### To do
Set the listing down again in full, word for word, with the pictures left out.

### Data records
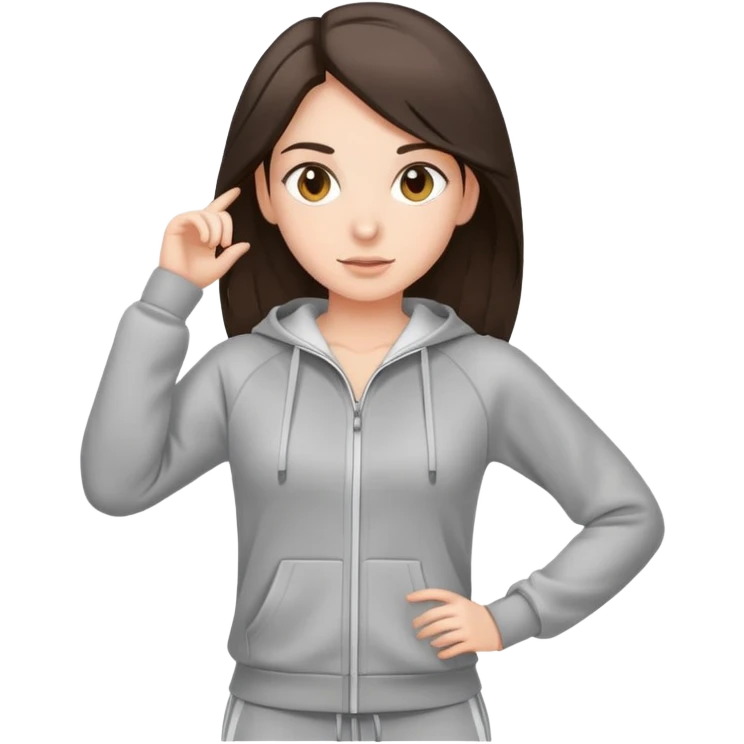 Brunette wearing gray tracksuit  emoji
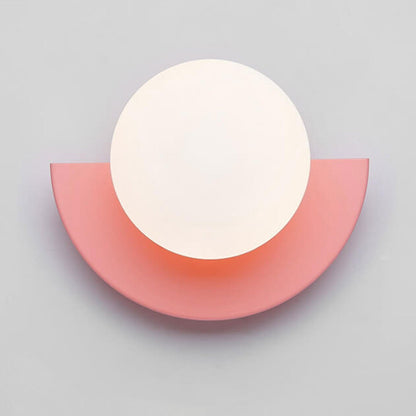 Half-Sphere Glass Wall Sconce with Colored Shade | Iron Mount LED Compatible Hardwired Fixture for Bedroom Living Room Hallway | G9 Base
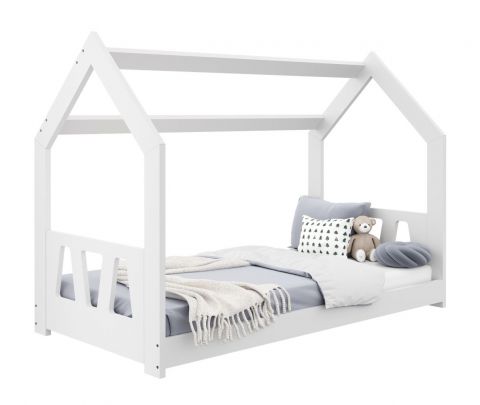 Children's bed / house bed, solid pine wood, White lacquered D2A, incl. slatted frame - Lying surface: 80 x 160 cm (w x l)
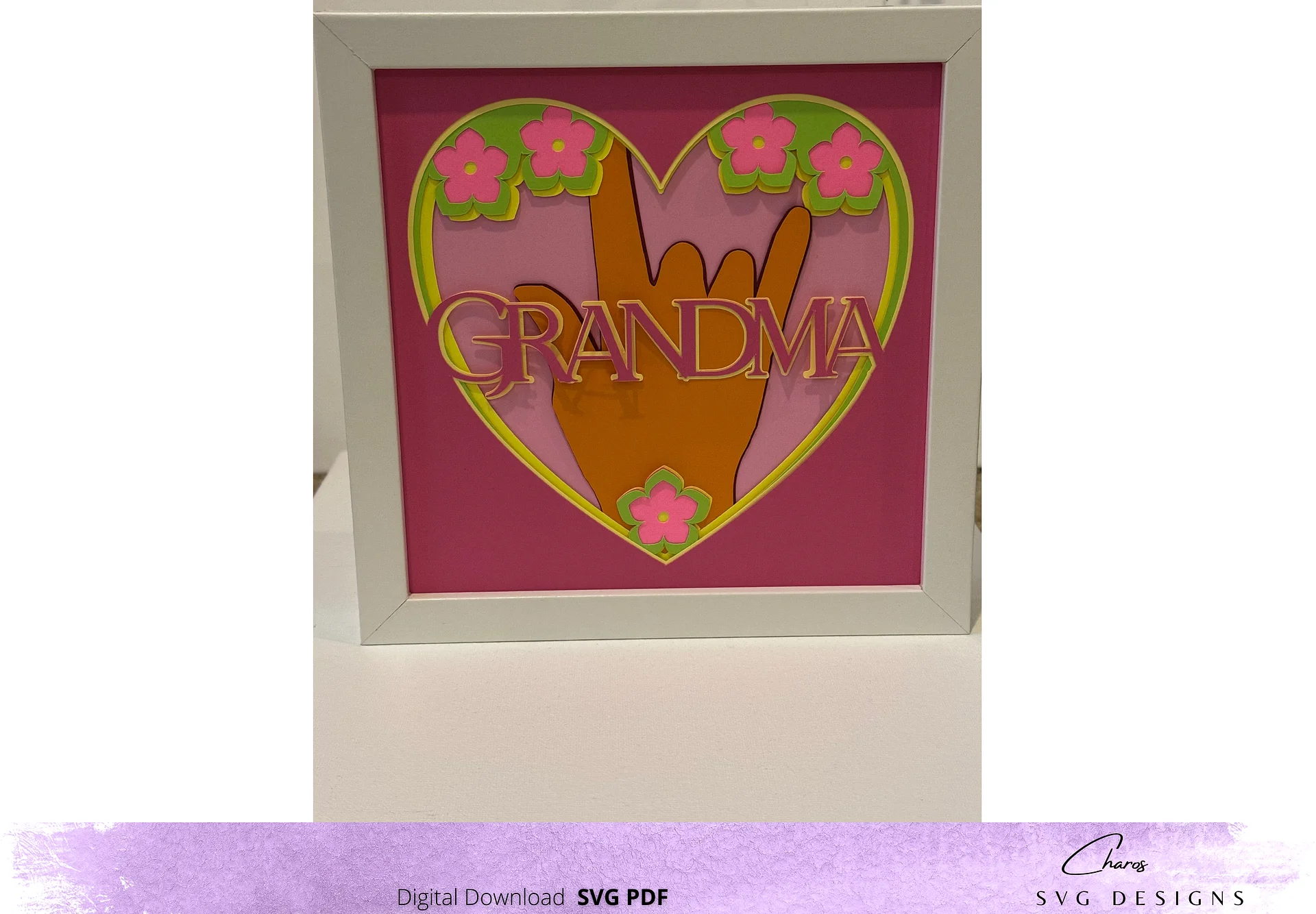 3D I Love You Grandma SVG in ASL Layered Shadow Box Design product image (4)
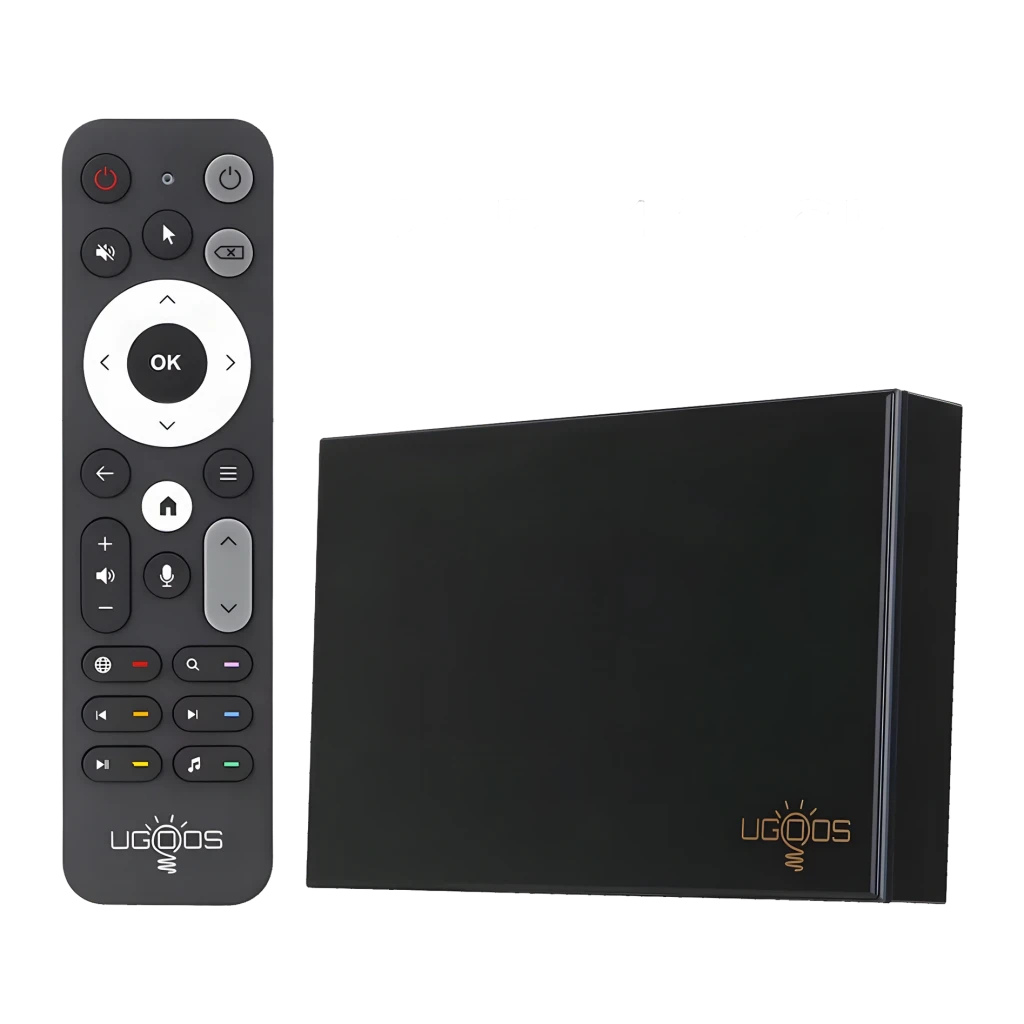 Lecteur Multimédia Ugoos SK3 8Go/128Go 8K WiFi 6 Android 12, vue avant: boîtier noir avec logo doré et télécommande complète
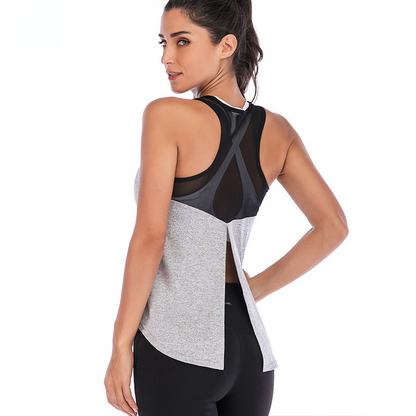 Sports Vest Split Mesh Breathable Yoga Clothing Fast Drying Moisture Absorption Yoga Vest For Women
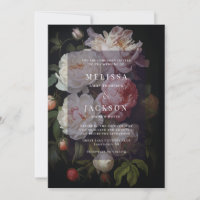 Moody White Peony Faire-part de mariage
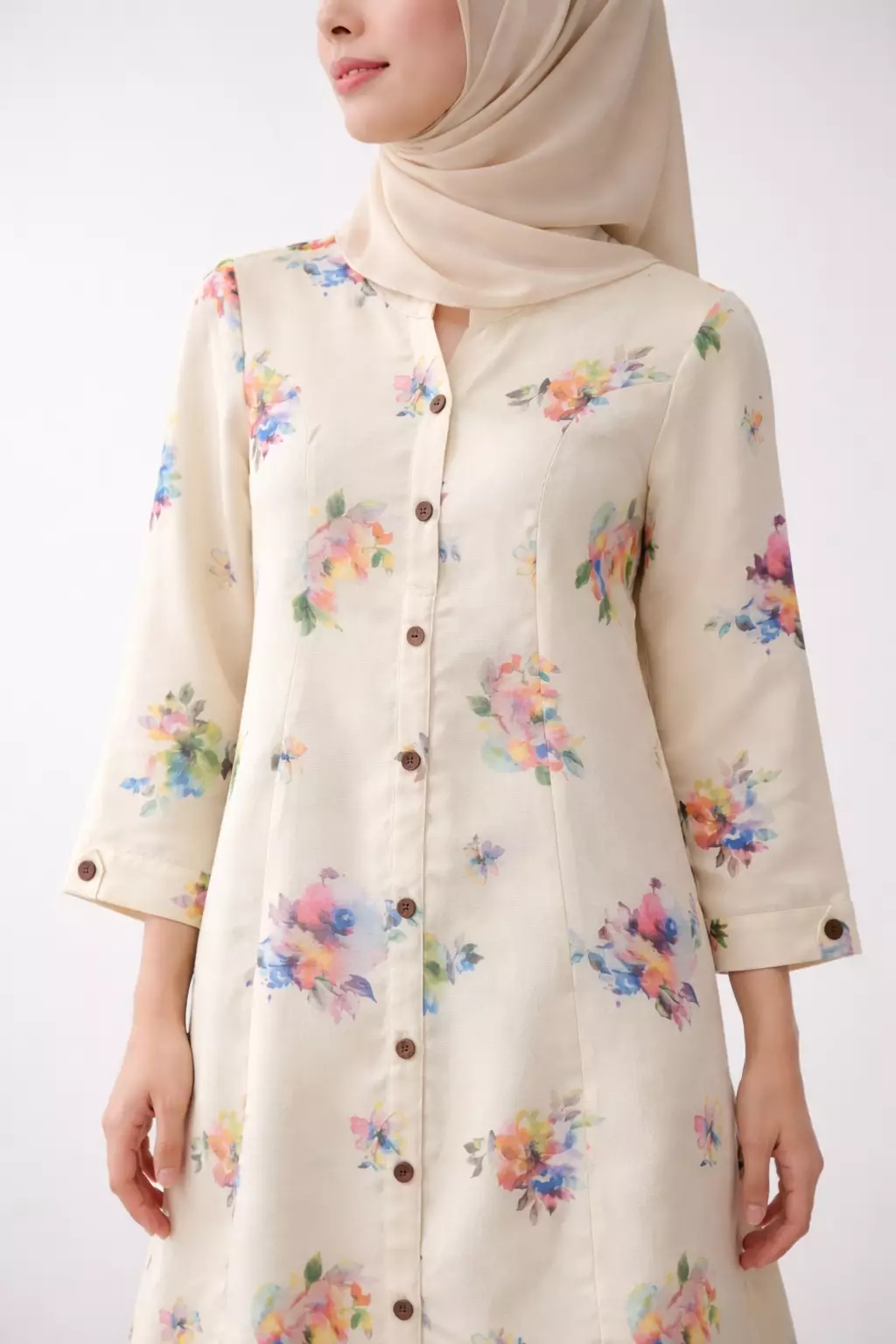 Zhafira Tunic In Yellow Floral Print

### Exercise output
 Brunette wearing gray tracksuit  emoji
 Half-Sphere Glass Wall Sconce with Colored Shade | Iron Mount LED Compatible Hardwired Fixture for Bedroom Living Room Hallway | G9 Base
 Children's bed / house bed, solid pine wood, White lacquered D2A, incl. slatted frame - Lying surface: 80 x 160 cm (w x l)
 3D I Love You Grandma SVG in ASL Layered Shadow Box Design product image (4)
 Lecteur Multimédia Ugoos SK3 8Go/128Go 8K WiFi 6 Android 12, vue avant: boîtier noir avec logo doré et télécommande complète
 Sports Vest Split Mesh Breathable Yoga Clothing Fast Drying Moisture Absorption Yoga Vest For Women
 Moody White Peony Faire-part de mariage
 Zhafira Tunic In Yellow Floral Print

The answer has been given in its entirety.